[nsp-sec] 50Gbps NTP Attack, 23377 Source IP addresses

Smith, Donald Donald.Smith at CenturyLink.com
Mon Mar 3 09:57:05 EST 2014


I was wrong! That is I reported that the NTP4 get_monlist1 which has a standard frame of 234 (220 ip packet) wasn't the main trigger packet we are seeing in attacks.


Then I found what I believe to be the tool or rather one that is really close.
If someone REALLY needs the tool let me know I can share that or the pcaps as needed internal only ...


> ntpdos.py has the get_monlist1 command in it.
> 
> 
> 
> ntp.py doesn't. I think mostly we are seeing this one.
I shared it with a coworker John Schiel (some of you met him or saw him at MA3WWG and he ran it here are the results.
It is NOT the 234 (or 220) get_monlist1 that others have reported.

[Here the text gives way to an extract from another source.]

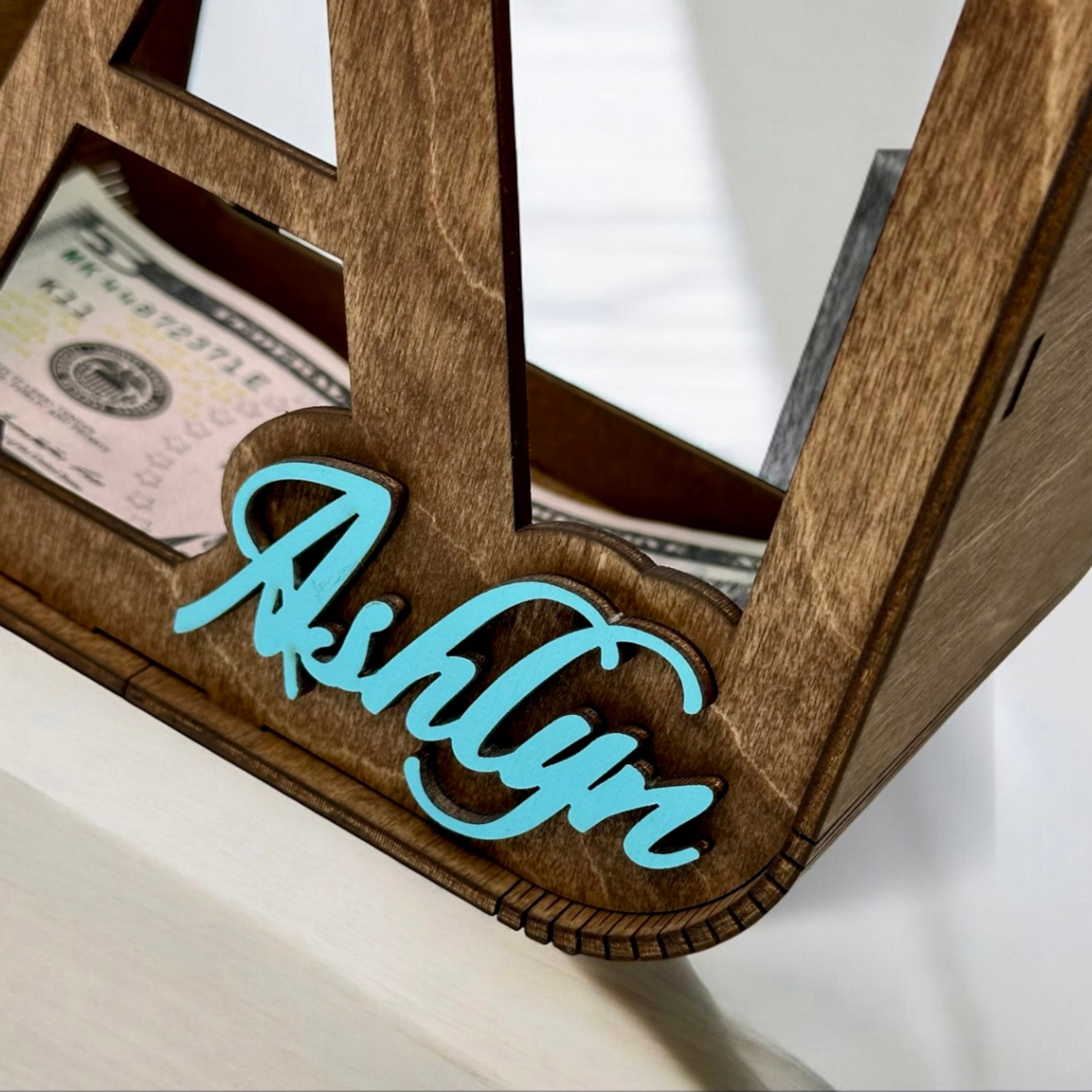 Wooden money box with 'Ashlyn' engraving and dollar bills inside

It is 36 bytes.

John Schiel wrote the following.

"I ran ntp.py.

I took the ntp.py script and found a vulnerable IP, 67.148.184.18, and ran the script. I first tried to find one of our IPs but couldn't find an open IP so quickly. I would like to have a closed vulnerable ntpd that I can use for future tests.

Click on the IP header, it's 36 bytes and it has the MON_GETLIST_1 request code. 

The response includes 100 replies at 468 bytes each, quite an amplification.  46800/36 = 1300X.

I tried to save the output of ntp.py but it comes back as binary so I can't really see what's in there yet. All I do see when I run the script is: 
 
"~/scripts$ python ntp.py
67.148.184.18(123) said "<insert binary garbage here>

If you want the file output when I ran the command, let me know and I'll send it.

I also ran the "ntpdc -c monlist" command against the same IP and got a huge response. I'm including that also.

So, good find Don. I'm sure with a little more coding we could force the source port to be 80, spoof the src IP, and replicate the issue exactly.

--John "

Upgrading is still not the most effective way to stop this. BCP38/84 is. Next to that limiting whom can talk to your NTP services (limit all of your reflective surfaces, DNS, NTP, chargen...).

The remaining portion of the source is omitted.